What is StarFire™?
StarFire is the World's first commercial Global Satellite Based Augmentation System (GSBAS). StarFire uses a global tracking network of approximately 60 reference stations and software developed by NavCom to calculate very precise and accurate real-time orbits and clocks for all the GPS and GLONASS satellites. These are transmitted via Geo-Stationary communication satellites to StarFire receivers who use the corrections with NavCom's geodetic quality multi-frequency engine measurements and proprietary StarFire positioning algorithm. Real-time positioning accuracy is typically a sub-decimeter horizontally and sub-two decimeters vertical. Performance may be better depending upon the local conditions and convergence period.
Why is WAAS and EGNOS performance much better with NavCom receivers than other receivers?

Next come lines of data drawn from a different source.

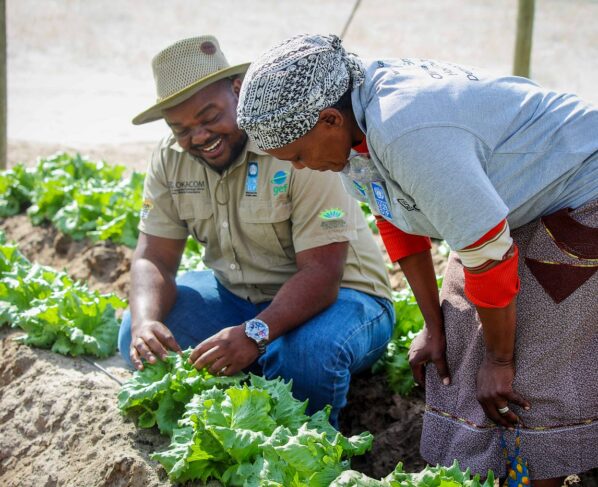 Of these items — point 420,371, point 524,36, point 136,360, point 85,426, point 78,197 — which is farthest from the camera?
point 524,36

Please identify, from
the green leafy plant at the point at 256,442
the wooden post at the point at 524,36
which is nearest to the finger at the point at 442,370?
the green leafy plant at the point at 256,442

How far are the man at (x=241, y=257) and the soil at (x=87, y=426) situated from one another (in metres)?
0.26

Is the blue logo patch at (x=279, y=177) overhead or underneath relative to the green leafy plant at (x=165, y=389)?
overhead

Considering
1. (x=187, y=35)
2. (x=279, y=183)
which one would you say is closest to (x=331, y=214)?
(x=279, y=183)

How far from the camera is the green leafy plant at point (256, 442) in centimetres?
255

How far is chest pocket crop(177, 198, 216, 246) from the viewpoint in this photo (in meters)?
3.70

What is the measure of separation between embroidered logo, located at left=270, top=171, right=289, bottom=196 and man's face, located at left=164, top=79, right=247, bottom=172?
210mm

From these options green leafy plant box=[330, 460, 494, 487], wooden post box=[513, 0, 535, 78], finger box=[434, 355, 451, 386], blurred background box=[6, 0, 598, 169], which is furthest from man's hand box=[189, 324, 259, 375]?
blurred background box=[6, 0, 598, 169]

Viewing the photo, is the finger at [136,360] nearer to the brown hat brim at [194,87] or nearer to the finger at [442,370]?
the brown hat brim at [194,87]

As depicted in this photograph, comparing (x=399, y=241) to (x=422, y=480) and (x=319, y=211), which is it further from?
(x=422, y=480)

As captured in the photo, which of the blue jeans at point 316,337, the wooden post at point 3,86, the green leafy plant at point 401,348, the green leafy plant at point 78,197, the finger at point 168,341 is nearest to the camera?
the blue jeans at point 316,337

NavCom manufactures dual frequency GPS receivers. The GPS frequency measurements on both L1 and L2 allow the ionospheric errors to be corrected prior to navigation. This technique is much more accurate than using the WAAS or EGNOS ionospheric models. NavCom's rover positioning algorithm for StarFire has been adapted to work with WAAS and EGNOS corrections providing greatly enhanced positioning performance. NavCom has also implemented a patented method which allows for the repression of high-frequency noise associated with these types systems, named Refraction Corrected Phrase (RCP). In addition, NavCom's patented multi-path suppression and high quality of measurements result in superior position accuracy.
What is StarFire convergence?
Upon power-up, a StarFire receiver initializes, locks on to the available GPS satellites, the local StarFire communication satellite and starts NavCom's proprietary StarFire positioning algorithm. Positioning accuracy will typically be sub-meter with decimeter accuracy performance available within 30-45 minutes. This is a function of the tropospheric conditions, number of GPS satellites available and inter channel calibration of the receiver.

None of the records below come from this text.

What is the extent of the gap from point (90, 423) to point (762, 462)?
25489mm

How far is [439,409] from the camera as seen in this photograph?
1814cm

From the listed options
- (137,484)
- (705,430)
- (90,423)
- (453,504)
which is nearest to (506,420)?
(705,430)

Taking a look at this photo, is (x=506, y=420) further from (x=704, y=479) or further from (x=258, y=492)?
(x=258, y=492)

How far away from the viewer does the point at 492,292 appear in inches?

What is StarFire Quickstart?
NavCom offers the unique feature called QuickStart where an accurately known ITRF05 position can be used to initialize StarFire navigation and eliminate the convergence period. This is typically a position previously surveyed and converted to ITRF05 prior to initialization. For example, vehicular installations can be initialized using the last position from when it was parked and powered down.
What is RTK Extend™?
RTK Extend uses StarFire to provide RTK-quality positioning when the RTK communication link has been temporarily lost. This can mean greater survey efficiency by eliminating the need to stop the survey or relocate the RTK base station for better communication coverage.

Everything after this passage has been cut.